Will Disney Have the Last Laugh vs. DeSantis?

AP Photo/Evan Agostini

The feud between Florida Gov. Ron DeSantis and Disney is getting even more interesting. In late February, the governor followed through on his promise to strip the company of its tax haven status.

In 2022, DeSantis said he would be making this move to punish Disney for speaking out against the Parental Rights in Education Act, which prohibits educators from giving instruction to children seven years old or younger on gender identity and sexuality.

RedState’s Brandon Morse explained:

As RedState previously reported, the Reedy Creek district was a 25,000-acre area mostly owned by Disney which gave it the power to run the area however it saw fit, effectively making it its own little kingdom within the state of Florida. This area had existed in the form for decades, but that’s now come to an end thanks to Disney deciding to step into the political ring and challenge DeSantis on his “Parental Rights in Education” bill.

DeSantis later announced the creation of a new board to take control of Disney’s special governing district in Orlando. But just a few weeks before this announcement, the company flipped the script, hammering out a new declaration that mandated that any changes to the district must be made for Disney’s benefit.

Now, DeSantis is preparing for a legal donnybrook with Disney, which sidestepped the legislation by drafting a 30-year development agreement that severely weakens the state’s ability to control the district. The agreement grants Disney “prior review and comment” over any changes the state wishes to make to properties in the district, according to the Orlando Sentinel.

Even more bizarre is the provision that says the declaration would be enforceable “in perpetuity” or “until 21 years after the death of the last surviving descendants of King Charles III, King of England.”

True to form, DeSantis is not letting this setback stop him. The Orlando Sentinel also reported that “The Central Florida Tourism Oversight District’s new Board of Supervisors voted to bring in outside legal firepower to examine the agreement, including a conservative Washington, D.C., law firm that has defended several of DeSantis’ culture war priorities.”

“We’re going to have to deal with it and correct it,” said board member Brian Aungst Jr. “It’s a subversion of the will of the voters and the Legislature and the governor.
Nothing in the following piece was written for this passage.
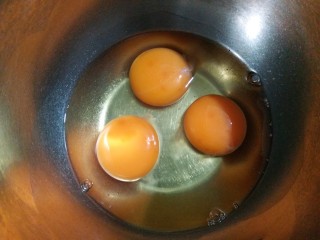 橙香甜甜圈（植物油版）,把三个鸡蛋打散在打蛋盆内。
It completely circumvents the authority of this board to govern.”

Disney fired back in a written statement, arguing that the agreements “were appropriate and were discussed and approved in open, noticed public forums in compliance with Florida’s Government in the Sunshine law.”

During a Thursday speech at Hillsdale College in Michigan, the governor claimed the law he signed would abrogate changes the company made, according to Reuters.

“They are not superior to the people of Florida. And so come hell or high water, we’re going to make sure that policy of Florida carries the day,” he said.

“We’re going to look at things like taxes on hotels, we’re going to look at things like tolls on the roads, we’re going to look at things like developing some of the property that the district owns,” he added.

However, there is reason to believe DeSantis is in for a more difficult battle than he is making it out to be. The Washington Examiner reported:

The problem with a legal challenge is that because the agreement appears to have been made in proper order under the previous government of the Reedy Creek Improvement District, it is unknown if the DeSantis administration’s challenge to the agreement will prevail in the courts. The DeSantis-appointed board of the Central Florida Tourism Oversight District has said it has hired four outside law firms to void the agreement made under the previous board.

DeSantis remains undeterred.

He has directed the state’s inspector general to look into the former Reedy Creek Improvement District Board to investigate “any legal or ethical violations” on its part before the state took control of the district. The probe will look at the district’s “adherence to applicable Florida civil and criminal laws and ethics requirements,” according to the Washington Examiner. It will also examine the “involvement of Walt Disney World employees and agents” in the district and “any financial gain or benefit derived by Walt Disney World” coming from the district.

Disney seems to have gotten one over on the DeSantis administration. But it is far too early for the company to declare victory just yet. The governor is expected to announce his candidacy for the presidency in short order, and he will not want to be in a position where losing to Disney could hurt his chances of becoming the nominee. In light of this, it is fair to assume he will do whatever is necessary to turn this situation around. Still, it is unclear which party will get the last laugh in this conflict. But it might be entertaining to watch.